2.4. Design of Experiments

Nowadays, it is well-known that there are no optimal parameter values valid for all problems [20]. This statement is part of the no-free-lunch theorem [35], which states that there is no overall superior optimization algorithm capable of solving every kind of optimization problem.
Parameter tuning strategies treat the parametrization of GA as an optimization problem. In the case of the present research, the GA parameters are tuned with the help of design of experiments methodology (DOE), but there are other possible approaches. For example, the parameter calibration process can be supported on statistical methods [36], a deterministic control whereby an extended scheme is used to control the parameters [37], adaptive control strategies like Rechenberg’s mutation rate [22] or self-adaption [20]. In the case of the present research, DOE was chosen.
DOE is a statistical methodology that is employed in order to find relationships among variables that affect certain processes [38]. In other words, DOE makes it possible to see how a simultaneous change in more than one variable will affect the output variable. Although DOE can be applied to both categorical and continuous variables, in the case of the present research all the variables under study with DOE are continuous.
A design of experiments was performed to select the most suitable values of the GA parameters for the algorithm proposed in the present research, using the colorectal cancer pathway as a reference. Furthermore, for designing the experiment, a full factorial design with center points was employed. In a full factorial design, all possible combinations of factor levels are used [39]. For each point, experiments were repeated three times. Please note that each individual experimental setting is referred to as a run and the response measured is called an observation. The present work made use of DOE for the fine-tuning of the GA algorithm.

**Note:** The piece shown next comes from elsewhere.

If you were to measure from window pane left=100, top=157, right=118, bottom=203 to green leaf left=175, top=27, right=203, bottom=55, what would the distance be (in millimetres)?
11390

For the DOE analysis, the continuous variables of the research are considered, namely, the number of iterations of the algorithm, the population size and the values of mutation and crossover. The response value is the area under the ROC curve obtained with the SVM model that makes use of the variables selected. Each variable was measured at three different levels and, therefore, a 3 4 full factorial design with 81 experiments, each one repeated three times, was obtained. The variables employed and their corresponding level are shown in Table 2.

2.5. Datasets

The database employed in this study belongs to the Colorectal Cancer Transdisciplinary Study (CORECT) project. This was an observational multicentric multi-case control study performed from September 2008 to December 2013. For this research, the subset of information belonging to Leon University Hospital and Hospital of Bellvitge was employed. It contains 1076 cases of, and 973 controls for, colorectal cancer, for which the information from 370,570 SNPs was available.
The cases are incidental and histologically confirmed, with ages between 20 and 85. Those with communication disabilities, physically unable to participate or with a previous diagnosis of colorectal cancer were excluded. For their recruitment, the study staff contacted them at the selected hospitals.
Controls were randomly selected from the population lists assigned to family physicians in the catchment area of the hospitals where the cases were recruited, and with the same sex and age distribution (±5 years). All had been residing in the area of the hospital where the cases were recruited for at least 6 months before and did not present physical or communication impediments.
The protocol of the project was approved by the Ethics Committees of the institutions that took part in the study. The participation of the subjects in the study was voluntary, after signing an informed consent. The confidentiality of the data is guaranteed by eliminating the personal identifiers in the datasets and all the files that include information about the subjects, complying with Spain’s Organic Law 15/1999. Please also note that the files have been registered with the Spain Data Protection Agency (Number 2102672171). Access to this information for other researchers is allowed on request.
For the present study, ten different pathways were selected from the KEGG database [40,41,42] so as to include, on the one hand, pathways for which there was already significant scientific evidence that they were associated with the trait analyzed; on another hand, pathways for which the evidence indicated that their association with the trait was improbable, and finally others for which the evidence was inconclusive. Once the ten pathways to be included had been chosen, all the SNPs that belonged to the genes considered in each one of the pathways under analysis were retrieved from the database.

3. Results

After having fixed the GA parameters to a population size of 5500, 6000 iterations for each cycle and a 100% crossover with a mutation rate of 1%, the proposed algorithm was applied to 10 different pathways.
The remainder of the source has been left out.